核のごみ処分地選定:自治体の手上げ方式は「限界」の声。国内初、北海道で文献調査の報告書
「こんなに叩かれるのか」
寿都町の片岡町長は報告書が公開される直前のインタビューで、文献調査の経緯を振り返り、複雑な心境を吐露した。この間、町民の間に核のごみ問題を自分ごととして考える人が増えた一方で、町や町長自身への風当たりが予想以上に強かったからだ。「私は、停滞する国内の核のごみの議論に一石を投じようと手を挙げた。核廃棄物は国内のどこかに処分しなくてはならず、本来はどの地域も真面目に考えなくてはいけない。それに手を挙げた小さな自治体が、なぜこんなにも叩かれなくてはならないのか」
SNSで「北海道の恥」
片岡町長の「複雑な心境」は、地域に寄せられた激しい批判が影響している。「北海道の恥さらし」「寿都の特産物はもう買わない」「狂気の沙汰だ」などとインターネットやSNSへの書き込みが相次ぎ、役場には抗議の電話やファクスもあった。 寿都観光物産協会の会長で、ネットで寿都の魅力を発信している西村なぎささんは、調査開始当初、寿都関連のSNSに誹謗中傷のような書き込みがあふれる様子に背筋が寒くなった。「核のごみの問題が起きる前は応援の声が多かったのに、一転して、『寿都は最悪』という書き込みばかりになった」と振り返る。 北海道の鈴木直道知事は当初、「札束で頬をたたくやり方だ」と国やNUMOを批判。調査について「現時点で反対」の立場を示した。北海道は、核のごみの地層処分を研究する「幌延深地層研究センター」建設に関し、2000年に核のごみの持ち込みを「受け入れ難い」とする条例を制定しているためだ。寿都と神恵内の周辺の4町村は、調査開始に対して「核抜き条例」を制定し、核のごみの持ち込みに反対を表明するなど、両町村への「包囲網」の動きもあった。メディアからも批判的な論評が相次いだ。
町民に賛否、しこりも
文献調査は、一時的な批判だけでなく、中長期的に見ても地域に少なからぬ影響を及ぼした。 「核のごみがわが街に処分されるかもしれない」。住民は、否応なしに核のごみの問題に向き合うことになった。地域では、住民向けの「対話の場」が17回、説明会や勉強会も開かれた。

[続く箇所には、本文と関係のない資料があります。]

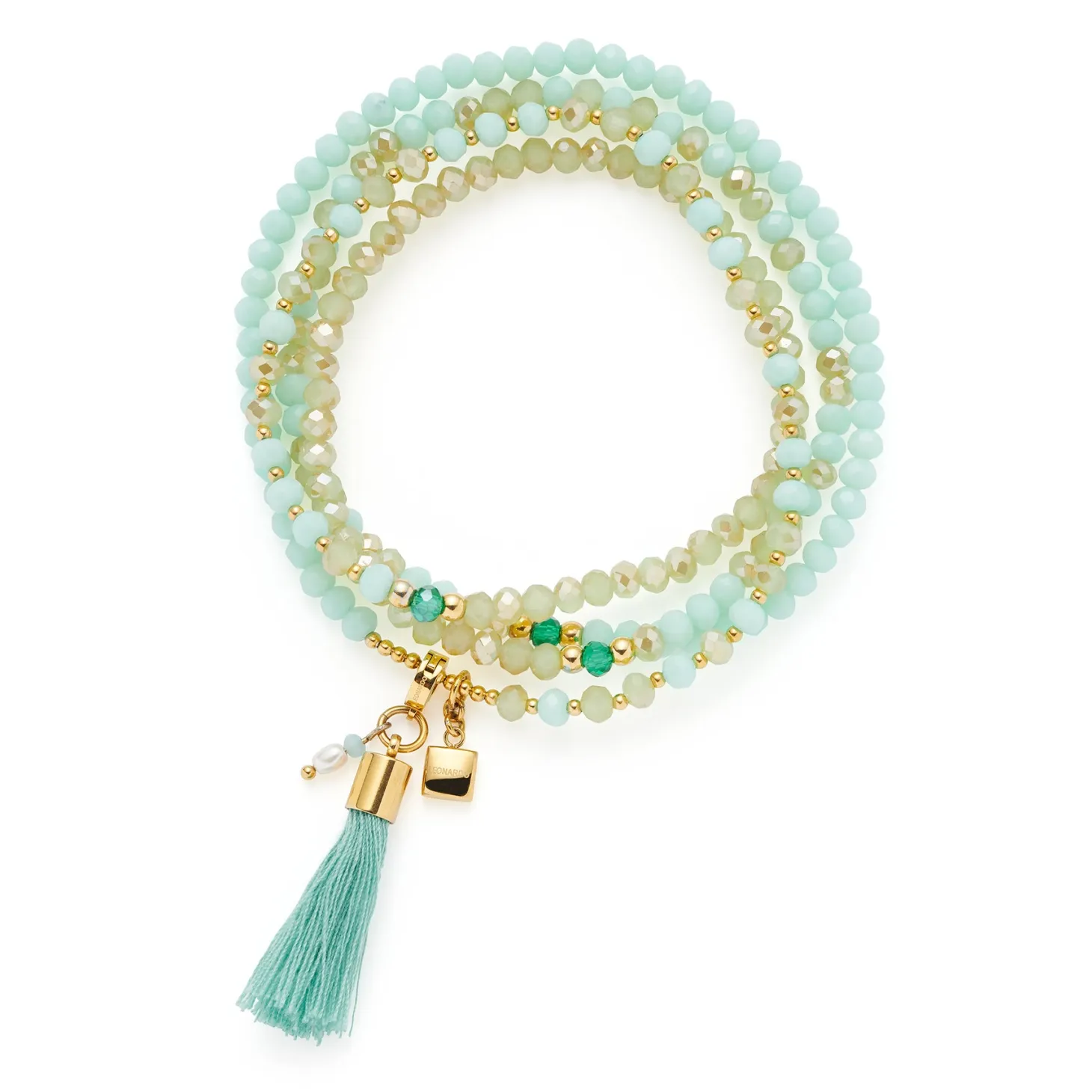 Halskette DONNA 80 cm türkis Sommer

青森県六ヶ所村の核廃棄物再処理工場用の施設などを訪れ、核のごみの処理方法について学んだ住民もいる。 寿都町の対話の場に参加してきた電気店の社長、田中則之さんは「以前は他人事のように考えていた核のごみを、調査受け入れを機に自分たちの問題として考え、人口減が続く地域の将来についても議論するようになった。私たちは原発の恩恵を受けている。ごみ処分場について調査したり、話し合ったりすること自体を否定すべきではない」と、この4年間を前向きに評価する。